About this exercise: Look for the line containing "Überspannungsschutzgerät TD-4/I Überspannungsschutzgerät" and the line containing "即納/送料無料】S-196-BK モヒカン風 ヘッド アクセサリー" in the entries below. Copy those two and all lines between them exactly, leaving out pictures.

Data for this task:
[Start of Attachment]

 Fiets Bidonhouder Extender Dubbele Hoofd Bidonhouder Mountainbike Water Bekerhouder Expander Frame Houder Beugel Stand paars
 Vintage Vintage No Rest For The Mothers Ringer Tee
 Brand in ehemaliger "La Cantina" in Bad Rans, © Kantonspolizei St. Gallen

[End of Attachment]
[Start of Attachment]

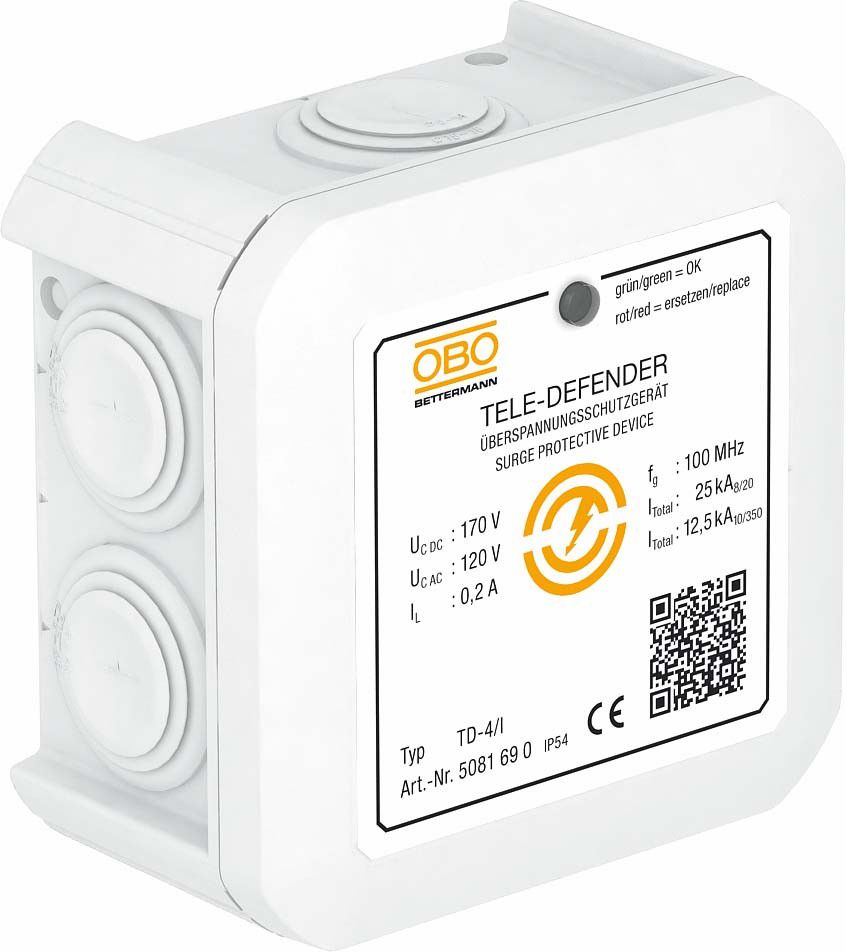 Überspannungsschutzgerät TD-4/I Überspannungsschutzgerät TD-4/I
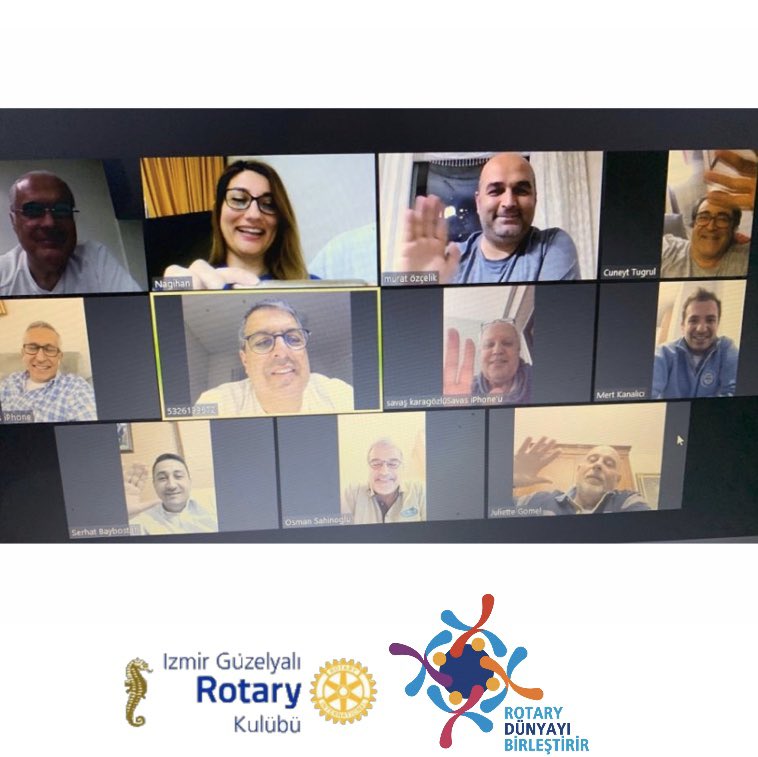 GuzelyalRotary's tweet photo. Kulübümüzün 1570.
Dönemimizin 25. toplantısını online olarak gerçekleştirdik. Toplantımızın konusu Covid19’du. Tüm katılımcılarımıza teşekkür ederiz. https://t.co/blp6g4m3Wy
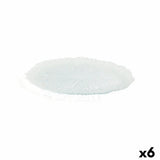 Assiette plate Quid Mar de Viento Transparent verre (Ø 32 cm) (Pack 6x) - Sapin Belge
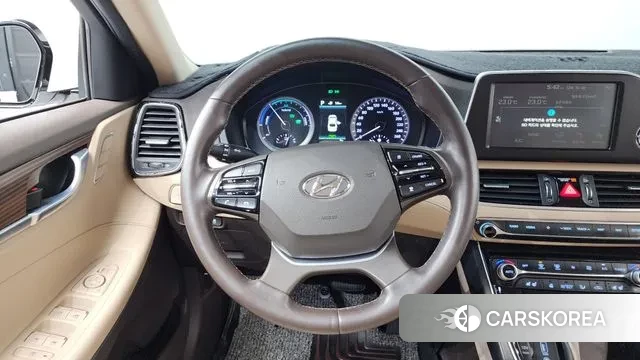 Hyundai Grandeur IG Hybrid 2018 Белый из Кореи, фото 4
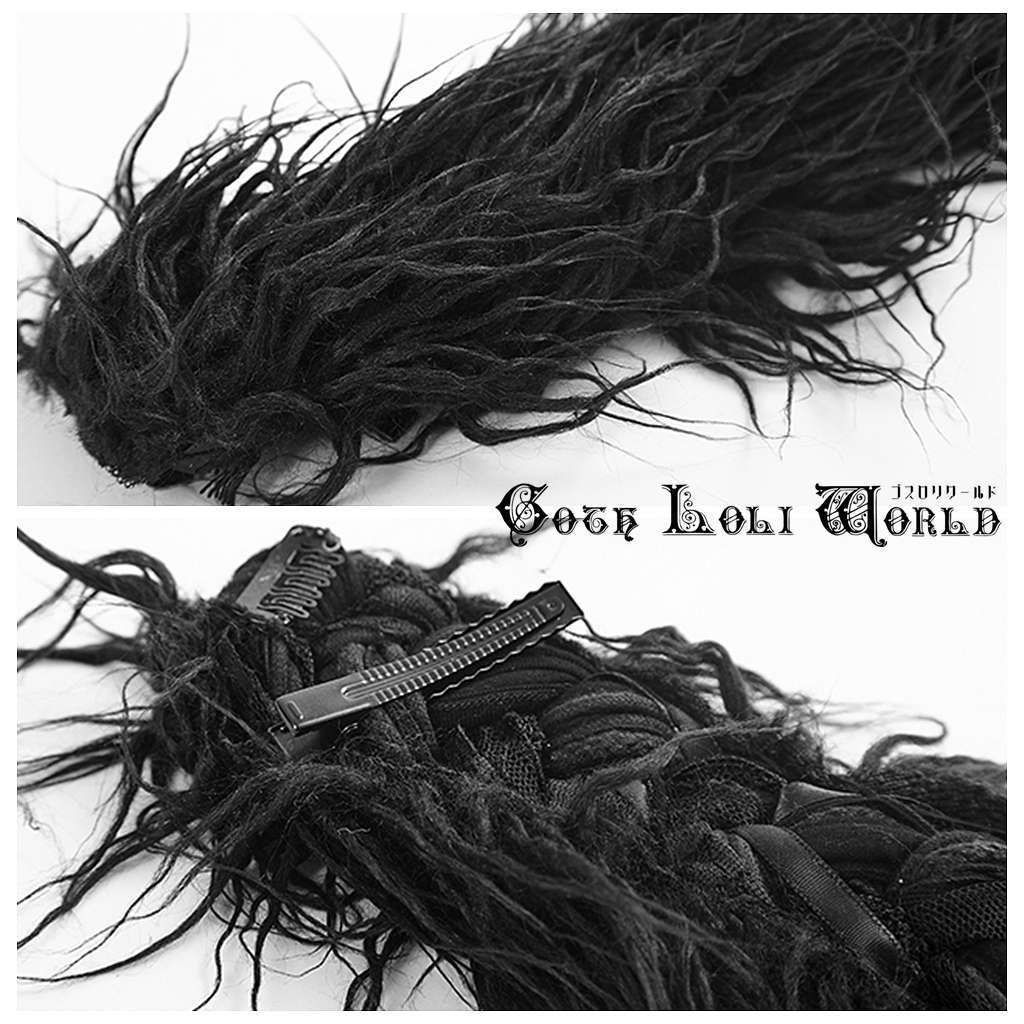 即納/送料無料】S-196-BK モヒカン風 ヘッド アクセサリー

[End of Attachment]
[Start of Attachment]

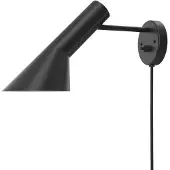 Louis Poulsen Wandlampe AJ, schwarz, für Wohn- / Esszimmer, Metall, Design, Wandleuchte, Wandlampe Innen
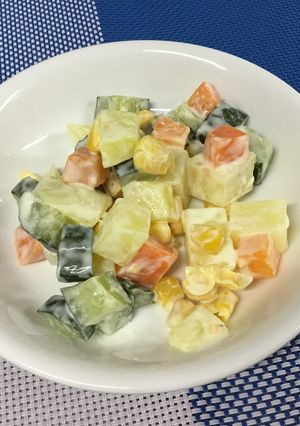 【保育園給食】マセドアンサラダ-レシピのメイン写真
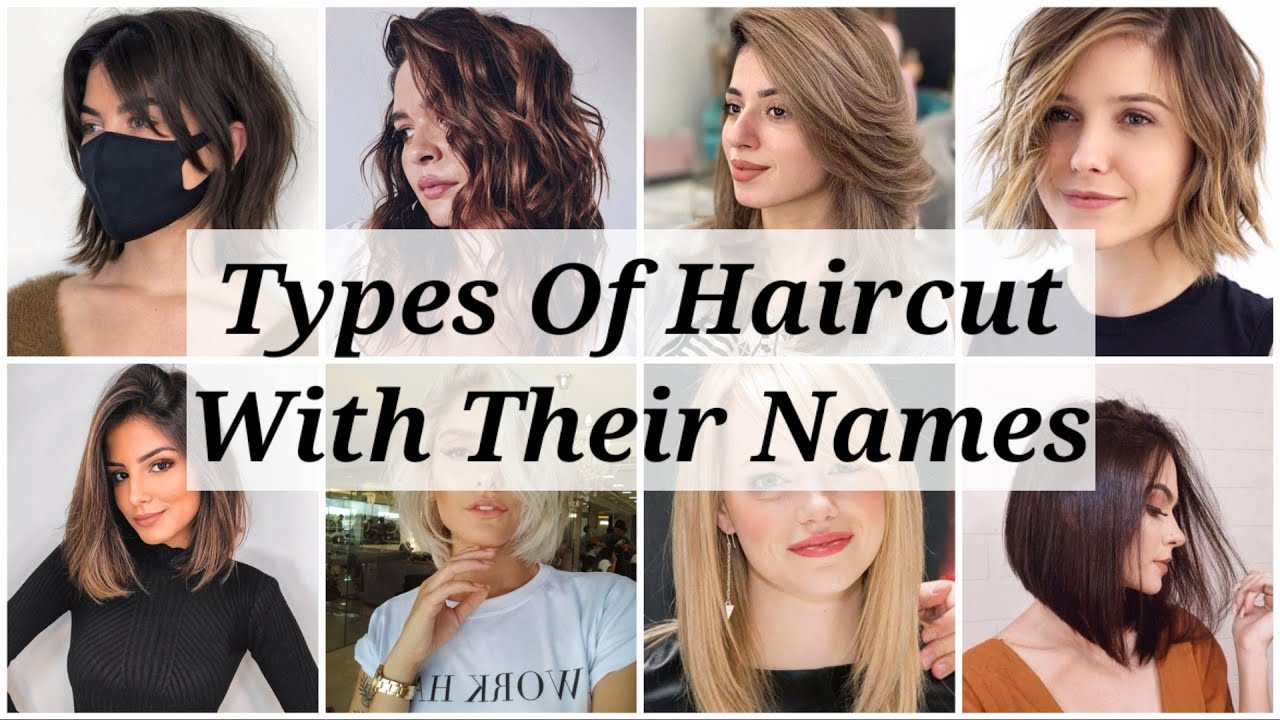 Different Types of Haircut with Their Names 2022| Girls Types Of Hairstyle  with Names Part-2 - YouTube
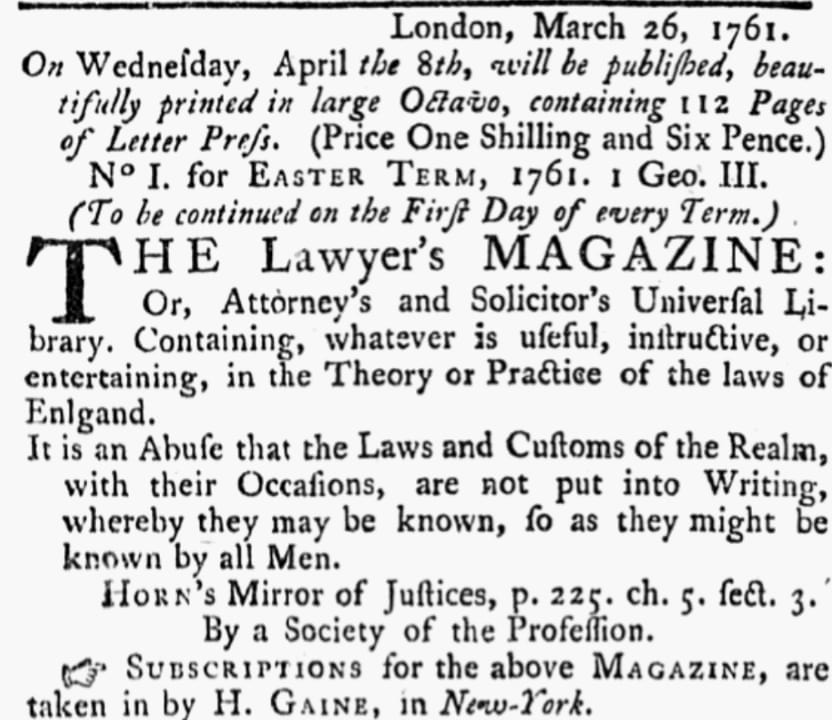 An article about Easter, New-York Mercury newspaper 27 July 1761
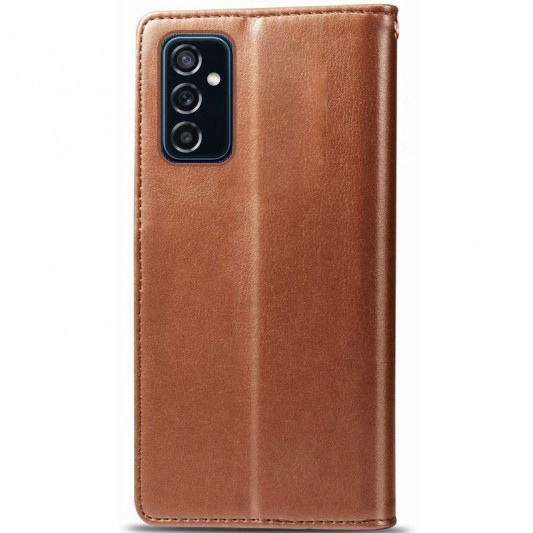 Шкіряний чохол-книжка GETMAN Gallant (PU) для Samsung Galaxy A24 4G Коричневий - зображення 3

[End of Attachment]

Reply to the exercise:
 Überspannungsschutzgerät TD-4/I Überspannungsschutzgerät TD-4/I
 GuzelyalRotary's tweet photo. Kulübümüzün 1570.
Dönemimizin 25. toplantısını online olarak gerçekleştirdik. Toplantımızın konusu Covid19’du. Tüm katılımcılarımıza teşekkür ederiz. https://t.co/blp6g4m3Wy
 Assiette plate Quid Mar de Viento Transparent verre (Ø 32 cm) (Pack 6x) - Sapin Belge
 Hyundai Grandeur IG Hybrid 2018 Белый из Кореи, фото 4
 即納/送料無料】S-196-BK モヒカン風 ヘッド アクセサリー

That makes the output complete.